Of course what is really importnat here it to understand that, for whatever
reason,  Mathematica always performs this simplification. Once one
understands this behaviour one can adapt the way one enters  input to get
the answers one requires in practically any situation.  One should not
really ask "why Mathematica's behaviour does not correspond to some standard
mathematical practice"  but "what do I have to do to get the kind of answer
I need". I most cases this is quit easy and natural.
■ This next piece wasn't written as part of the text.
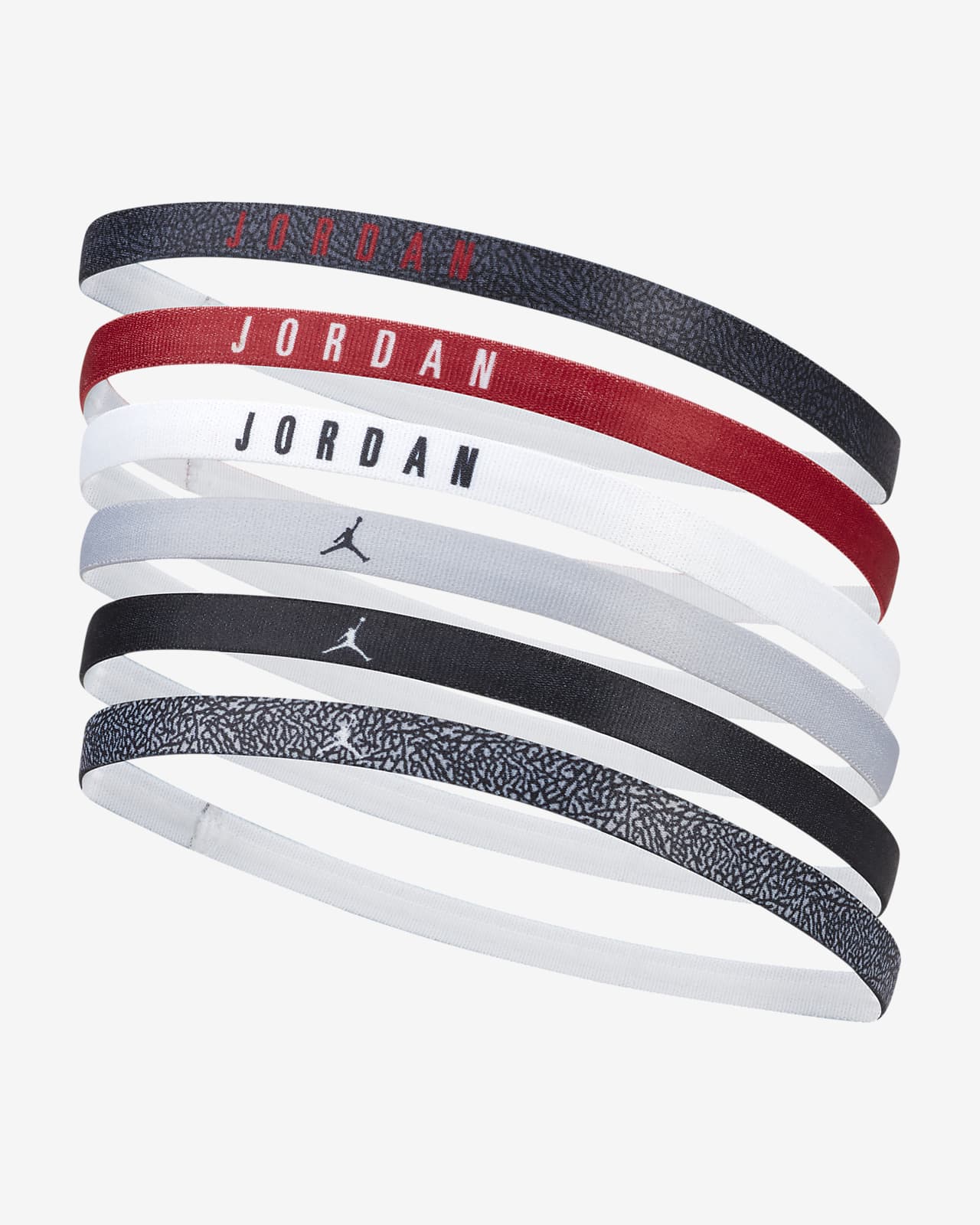 Jordan Elastische haarbanden (6 stuks). Nike BE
Finally, I have in the past got the impression that there are some people
who seem to get upset by the mere one suggestion that Mathematica departs
from some mathemtical standard or convention. But not only is it easy to
find lots of examples when it clearly does so but it is actually inevitable
and desirable that it should do so. Until and unless computers can pass the
"Turing test" or at least a version of it in which the computer pretends to
be a human mathematician and we can't tell the difference, it will be
necessary to learn the language and conventions of any mathematical program
in order to use it effectively.

Andrzej Kozlowski
Toyama International University

>From: "Drago Ganic" <drago.ganic at>
To: mathgroup at
>To: mathgroup at
>Subject: [mg19191] [mg19077] Re: equaltity of lists
>Date: Thu, Aug 5, 1999, 7:35 AM

> Hi there,
> Thanks for the answers, but I still have questions.
> 1. I wanted to test the "objects" in a mathematical and not in
>    a structural way. Therefore I believe I have to use == (Equal)
>    not === (SameQ).
> 2. My reasoning was as follows
>    (I'm not a mathematician so maybe it's wrong)
>    In Mathematics the Set is a very basic way to collect some
>    objects together and treat them as one. In Mathematica the
>    same thing (only finite sets) is implemented with a list
>    with ONE difference: a list has an order and a Set has not.
>    (You can never implement something without order in the
>     computer - you can only neglect the order).
>    So mathematically spoken
>    the set {a, b} IS EQUAL TO the set {b, a}.
>    I can get this behavior in Mathematica if I write
>  Union[{b, a}] == Union[{a, b}]
>  True
>    But when I tread the objects {a,b} and {b,a} as lists the
>    answer to the question should be false if we look at the
>    list as a supplement to the set in a mathematical way.
>    Of course the same is with
>  a == a
>  True
>    and
>  a == b
>  a == b
>    or
>  x == x^2
>  x == x^2
>    Why not False? I don't see that this is only a structural
>    question ("use SameQ, don't use Equal and you will get False").
>    The functions x and x^2 are mathematically not Equal, so an Equal
>    should return False (the case x=1 is not important for function
>    equality). Isn't a variable x just a function f (x) = x?
> 3. Just another example
>    Simplify[(x^2-1)/(x-1)]
>    1+x
>    But the two functions are not mathematically identical
>    (point x=1).
>    When I try to plot the function
>    Plot [(x^2-1)/(x-1),{x,-2,2}]
>    I don't get the graph of the rational function (x^2-1)/(x-1).
>    Instead I get the graph of the linear function 1+x.
>    When I ask
>    Reduce [ (x^2-1)/(x-1) == 1 + x, x]
>    True
>    What with x = 1  ?
> Greetings
> Drago Ganic
> P.J. Hinton <paulh at> wrote in message
> news:Pine.LNX.4.10.9908030840160.1020-100000 at
>> On 2 Aug 1999, Drago Ganic wrote:
>> > Hi !!
>> >
>> > Why don't I get an answer (False) when I ask Mathematica
>> >
>> >     {a,b}=={b,a}
>> >
>> > like the one I get with
>> >
>> >     {1,2}=={2,1}
>> >     False
>> In order to get False as a result in your first example, you must use a
>> stronger logical test function than Equal[].  You need to use SameQ[].
>> In[1]:= {a,b} === {b,a}
>> Out[1]= False
>> --
>> P.J. Hinton
>> Mathematica Programming Group           paulh at
>> Wolfram Research, Inc.
>> Disclaimer: Opinions expressed herein are those of the author alone.